18 – Sur les définitions et la distinction entre communauté de référence et références communautaires, on peut se reporter à l'article de Ph. Agri et L. Milhoud : « Sur les rapports individu-communauté : le temps des confusions », dans le no 9 de Temps critiques (automne 76), p. 125-135.

19 – C'est ce qui la distingue de la communauté « ethnique » qui a le plus souvent été détruite dans le passage à l'État-nation. Les derniers conflits dans les Balkans se distinguent justement des conflits ancestraux prégnants depuis la fin du xixe siècle par le fait que les références communautaires « ethniques » y sont de plus en plus recouvertes par une communauté de référence religieuse. C'est ainsi qu'une appellation telle que « musulmans bosniaques » va être pratiquement crée de toute pièce dans le cadre de la guerre en Bosnie.

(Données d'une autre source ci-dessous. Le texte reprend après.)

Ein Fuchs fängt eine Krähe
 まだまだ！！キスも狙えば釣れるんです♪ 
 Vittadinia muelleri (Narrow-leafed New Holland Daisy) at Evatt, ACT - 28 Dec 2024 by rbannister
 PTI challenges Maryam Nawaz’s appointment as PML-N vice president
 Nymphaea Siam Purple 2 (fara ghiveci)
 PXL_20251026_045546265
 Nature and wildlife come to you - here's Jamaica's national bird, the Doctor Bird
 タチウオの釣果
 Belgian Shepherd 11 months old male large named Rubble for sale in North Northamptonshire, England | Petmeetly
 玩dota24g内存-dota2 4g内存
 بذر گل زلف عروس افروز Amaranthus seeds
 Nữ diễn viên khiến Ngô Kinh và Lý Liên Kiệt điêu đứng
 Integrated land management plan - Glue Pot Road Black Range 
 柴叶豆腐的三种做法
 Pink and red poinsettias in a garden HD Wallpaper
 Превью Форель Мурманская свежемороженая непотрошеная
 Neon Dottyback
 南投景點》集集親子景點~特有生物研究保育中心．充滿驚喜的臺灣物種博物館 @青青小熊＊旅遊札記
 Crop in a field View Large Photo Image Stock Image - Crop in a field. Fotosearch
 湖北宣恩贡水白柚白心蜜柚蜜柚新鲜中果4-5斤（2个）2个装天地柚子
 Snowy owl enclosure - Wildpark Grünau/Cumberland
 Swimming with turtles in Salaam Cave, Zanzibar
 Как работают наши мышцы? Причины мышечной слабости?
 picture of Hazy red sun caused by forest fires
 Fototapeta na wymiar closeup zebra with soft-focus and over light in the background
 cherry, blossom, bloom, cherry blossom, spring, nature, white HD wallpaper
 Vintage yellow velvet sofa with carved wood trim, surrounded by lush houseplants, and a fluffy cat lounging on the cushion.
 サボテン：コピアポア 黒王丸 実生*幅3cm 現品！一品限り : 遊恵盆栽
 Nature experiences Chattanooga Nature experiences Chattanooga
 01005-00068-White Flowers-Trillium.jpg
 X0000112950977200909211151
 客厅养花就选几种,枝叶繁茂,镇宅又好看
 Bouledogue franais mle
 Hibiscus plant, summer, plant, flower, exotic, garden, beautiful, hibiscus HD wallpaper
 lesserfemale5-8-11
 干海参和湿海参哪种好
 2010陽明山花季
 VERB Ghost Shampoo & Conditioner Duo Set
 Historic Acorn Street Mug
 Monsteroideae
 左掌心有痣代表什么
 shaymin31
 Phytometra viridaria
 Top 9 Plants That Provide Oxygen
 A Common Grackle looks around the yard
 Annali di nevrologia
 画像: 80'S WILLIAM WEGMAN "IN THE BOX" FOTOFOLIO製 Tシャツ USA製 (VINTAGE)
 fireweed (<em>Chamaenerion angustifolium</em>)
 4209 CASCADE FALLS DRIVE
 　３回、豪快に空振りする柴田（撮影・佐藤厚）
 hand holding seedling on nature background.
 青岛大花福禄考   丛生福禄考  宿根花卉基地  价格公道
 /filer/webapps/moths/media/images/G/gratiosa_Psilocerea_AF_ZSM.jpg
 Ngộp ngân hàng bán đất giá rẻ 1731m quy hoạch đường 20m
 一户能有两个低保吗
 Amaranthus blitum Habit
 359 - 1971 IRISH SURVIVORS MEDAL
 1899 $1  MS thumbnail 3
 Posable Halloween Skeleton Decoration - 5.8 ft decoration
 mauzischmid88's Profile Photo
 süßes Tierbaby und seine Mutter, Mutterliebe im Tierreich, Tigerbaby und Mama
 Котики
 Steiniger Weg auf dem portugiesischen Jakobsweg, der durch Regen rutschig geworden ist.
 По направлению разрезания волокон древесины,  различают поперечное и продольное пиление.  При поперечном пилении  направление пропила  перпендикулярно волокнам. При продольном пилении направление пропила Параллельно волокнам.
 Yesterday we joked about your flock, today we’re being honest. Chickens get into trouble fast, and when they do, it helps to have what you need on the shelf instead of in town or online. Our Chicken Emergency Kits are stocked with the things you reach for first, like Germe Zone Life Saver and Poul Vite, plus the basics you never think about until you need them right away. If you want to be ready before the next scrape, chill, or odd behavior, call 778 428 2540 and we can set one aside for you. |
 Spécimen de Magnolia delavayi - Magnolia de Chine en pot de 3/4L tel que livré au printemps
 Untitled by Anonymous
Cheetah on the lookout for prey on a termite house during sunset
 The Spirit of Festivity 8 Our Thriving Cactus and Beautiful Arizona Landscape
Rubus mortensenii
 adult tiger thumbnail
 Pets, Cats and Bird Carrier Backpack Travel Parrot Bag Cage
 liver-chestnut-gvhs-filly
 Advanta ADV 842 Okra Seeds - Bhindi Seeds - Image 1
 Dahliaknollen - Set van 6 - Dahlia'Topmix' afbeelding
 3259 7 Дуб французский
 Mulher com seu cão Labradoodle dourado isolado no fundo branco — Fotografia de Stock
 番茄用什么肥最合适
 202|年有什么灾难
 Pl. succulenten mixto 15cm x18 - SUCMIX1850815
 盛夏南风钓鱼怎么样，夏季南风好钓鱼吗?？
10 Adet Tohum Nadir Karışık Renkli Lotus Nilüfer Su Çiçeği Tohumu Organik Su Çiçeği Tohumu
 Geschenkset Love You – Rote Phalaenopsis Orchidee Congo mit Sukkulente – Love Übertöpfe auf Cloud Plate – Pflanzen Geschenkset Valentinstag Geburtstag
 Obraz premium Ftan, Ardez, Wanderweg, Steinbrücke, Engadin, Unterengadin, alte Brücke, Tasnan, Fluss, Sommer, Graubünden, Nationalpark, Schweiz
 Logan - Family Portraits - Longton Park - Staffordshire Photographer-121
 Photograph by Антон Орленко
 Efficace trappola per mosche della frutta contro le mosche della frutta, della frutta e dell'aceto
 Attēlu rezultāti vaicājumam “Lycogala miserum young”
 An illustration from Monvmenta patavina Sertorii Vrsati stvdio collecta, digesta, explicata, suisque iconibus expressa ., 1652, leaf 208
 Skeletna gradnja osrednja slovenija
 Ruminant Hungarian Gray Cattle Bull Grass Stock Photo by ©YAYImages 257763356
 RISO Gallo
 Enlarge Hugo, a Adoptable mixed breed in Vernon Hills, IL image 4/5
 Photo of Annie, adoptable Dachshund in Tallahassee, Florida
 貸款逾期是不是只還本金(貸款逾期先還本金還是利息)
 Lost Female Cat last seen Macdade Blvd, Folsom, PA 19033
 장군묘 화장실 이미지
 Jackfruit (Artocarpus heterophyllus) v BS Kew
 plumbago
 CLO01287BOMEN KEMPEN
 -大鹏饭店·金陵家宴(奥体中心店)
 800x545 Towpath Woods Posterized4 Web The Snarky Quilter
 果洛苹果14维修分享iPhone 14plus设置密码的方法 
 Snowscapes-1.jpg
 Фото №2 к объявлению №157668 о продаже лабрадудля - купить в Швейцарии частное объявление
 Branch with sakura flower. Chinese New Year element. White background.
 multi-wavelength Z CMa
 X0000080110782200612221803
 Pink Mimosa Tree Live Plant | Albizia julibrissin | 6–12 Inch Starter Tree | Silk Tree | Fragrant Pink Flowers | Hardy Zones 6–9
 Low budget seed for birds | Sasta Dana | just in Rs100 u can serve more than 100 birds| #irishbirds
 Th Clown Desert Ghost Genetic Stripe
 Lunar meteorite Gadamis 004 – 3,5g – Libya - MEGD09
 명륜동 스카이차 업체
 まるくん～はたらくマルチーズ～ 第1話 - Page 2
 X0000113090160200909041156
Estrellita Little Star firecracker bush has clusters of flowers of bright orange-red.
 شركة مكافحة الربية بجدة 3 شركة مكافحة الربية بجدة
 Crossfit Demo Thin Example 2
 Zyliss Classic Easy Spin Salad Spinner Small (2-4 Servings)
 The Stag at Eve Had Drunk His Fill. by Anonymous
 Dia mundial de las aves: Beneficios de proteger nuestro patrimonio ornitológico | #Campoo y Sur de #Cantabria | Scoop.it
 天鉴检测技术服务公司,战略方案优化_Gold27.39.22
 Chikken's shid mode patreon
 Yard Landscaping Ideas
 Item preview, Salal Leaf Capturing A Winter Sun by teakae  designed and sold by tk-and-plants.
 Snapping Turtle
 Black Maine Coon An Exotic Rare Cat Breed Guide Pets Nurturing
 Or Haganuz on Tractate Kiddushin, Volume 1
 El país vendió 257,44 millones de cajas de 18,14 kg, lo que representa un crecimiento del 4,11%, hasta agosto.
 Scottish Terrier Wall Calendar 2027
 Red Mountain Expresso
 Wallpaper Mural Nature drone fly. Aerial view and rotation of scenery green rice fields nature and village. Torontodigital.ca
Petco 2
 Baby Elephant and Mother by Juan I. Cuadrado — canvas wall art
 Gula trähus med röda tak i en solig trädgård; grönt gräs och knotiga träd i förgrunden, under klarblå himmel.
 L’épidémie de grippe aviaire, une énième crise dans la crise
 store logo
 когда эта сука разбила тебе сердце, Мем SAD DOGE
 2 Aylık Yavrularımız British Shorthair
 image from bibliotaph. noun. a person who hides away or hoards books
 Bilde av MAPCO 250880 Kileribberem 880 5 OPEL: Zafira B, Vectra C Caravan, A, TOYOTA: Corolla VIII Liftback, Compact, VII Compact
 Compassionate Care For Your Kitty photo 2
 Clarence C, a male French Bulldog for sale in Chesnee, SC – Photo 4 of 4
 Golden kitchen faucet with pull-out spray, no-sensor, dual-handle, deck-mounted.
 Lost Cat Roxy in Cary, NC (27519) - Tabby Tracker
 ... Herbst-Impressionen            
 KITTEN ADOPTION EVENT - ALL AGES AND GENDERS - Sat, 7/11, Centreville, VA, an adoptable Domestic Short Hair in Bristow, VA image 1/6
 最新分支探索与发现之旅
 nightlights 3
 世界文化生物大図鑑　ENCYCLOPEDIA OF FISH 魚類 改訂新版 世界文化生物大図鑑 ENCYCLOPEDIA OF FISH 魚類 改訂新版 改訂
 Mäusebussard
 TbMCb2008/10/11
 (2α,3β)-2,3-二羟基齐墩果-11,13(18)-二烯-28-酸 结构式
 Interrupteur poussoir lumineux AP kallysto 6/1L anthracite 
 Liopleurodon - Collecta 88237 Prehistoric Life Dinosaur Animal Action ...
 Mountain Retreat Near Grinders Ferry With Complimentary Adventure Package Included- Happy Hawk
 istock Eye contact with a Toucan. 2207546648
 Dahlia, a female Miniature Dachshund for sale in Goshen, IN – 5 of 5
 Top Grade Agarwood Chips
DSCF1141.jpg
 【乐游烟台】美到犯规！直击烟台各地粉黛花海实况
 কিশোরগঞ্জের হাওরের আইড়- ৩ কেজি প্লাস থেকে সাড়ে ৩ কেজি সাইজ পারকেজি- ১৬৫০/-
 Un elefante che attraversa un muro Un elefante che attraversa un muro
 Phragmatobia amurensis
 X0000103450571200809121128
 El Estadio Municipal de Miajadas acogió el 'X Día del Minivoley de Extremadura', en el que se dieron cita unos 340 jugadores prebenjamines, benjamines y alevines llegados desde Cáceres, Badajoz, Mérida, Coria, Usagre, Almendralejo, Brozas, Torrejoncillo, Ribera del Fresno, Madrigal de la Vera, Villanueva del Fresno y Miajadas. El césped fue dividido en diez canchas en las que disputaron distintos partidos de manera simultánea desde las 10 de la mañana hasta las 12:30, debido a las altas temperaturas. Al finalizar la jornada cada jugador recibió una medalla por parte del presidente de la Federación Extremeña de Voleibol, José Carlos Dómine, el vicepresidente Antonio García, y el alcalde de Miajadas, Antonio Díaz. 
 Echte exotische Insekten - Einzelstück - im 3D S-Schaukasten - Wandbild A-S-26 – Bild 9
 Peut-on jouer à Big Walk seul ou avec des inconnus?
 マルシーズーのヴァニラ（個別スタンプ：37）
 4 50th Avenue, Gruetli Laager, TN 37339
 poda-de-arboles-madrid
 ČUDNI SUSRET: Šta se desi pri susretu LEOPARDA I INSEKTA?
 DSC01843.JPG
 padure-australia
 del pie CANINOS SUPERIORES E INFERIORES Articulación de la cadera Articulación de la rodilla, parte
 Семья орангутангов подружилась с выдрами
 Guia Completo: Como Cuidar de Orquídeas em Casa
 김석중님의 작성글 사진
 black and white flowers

20 – C'est la position officielle de certains groupes trotskistes anglais et aussi, en France, d'associations comme Les indigènes de la République.

21 – On en trouve même pour avoir été d'anciens gauchistes ou libéraux au sens politique américain du terme.

22 – Cf. « L'institution résorbée », Temps critiques, no 12, p. 63-82. Disponible sur le site de TC à :
tempscritiques.free.fr/spip.php ?article103

23 – Le citoyen grec de l'Antiquité a bien représenté une première apparition de l'individu-sujet, de par sa « capacité » politique mais sa position d'extériorité par rapport à l'activité matérielle réduisait passablement la sphère de l'autonomie.

24 – Cf. J. Guigou, La cité des ego, réédition, L'Harmattan, 2008.

25 – Nous disons cela sans mythifier la notion et ses formes historiques.